**Source data:**
:::
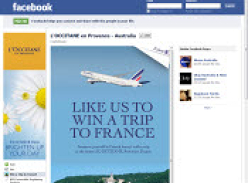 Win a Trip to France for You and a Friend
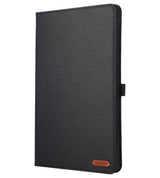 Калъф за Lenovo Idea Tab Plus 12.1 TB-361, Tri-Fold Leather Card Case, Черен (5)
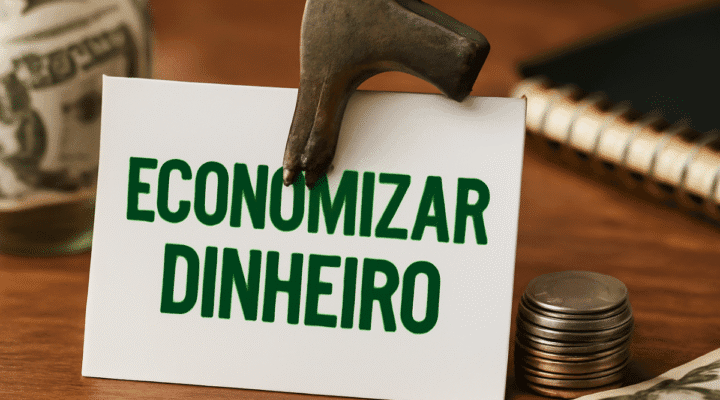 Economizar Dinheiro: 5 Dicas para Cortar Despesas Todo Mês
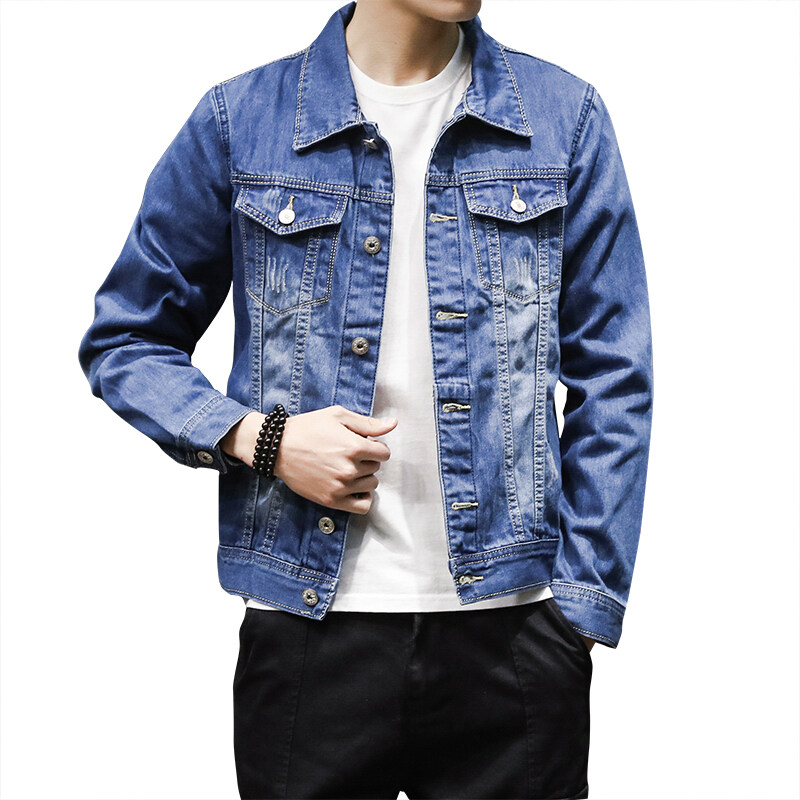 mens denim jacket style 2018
:::
**What you are asked to do:**
Across all the lines above, repeat the wording exactly and omit the pictures.

**Answer to this task:**
 Win a Trip to France for You and a Friend
 Калъф за Lenovo Idea Tab Plus 12.1 TB-361, Tri-Fold Leather Card Case, Черен (5)
 Economizar Dinheiro: 5 Dicas para Cortar Despesas Todo Mês
 mens denim jacket style 2018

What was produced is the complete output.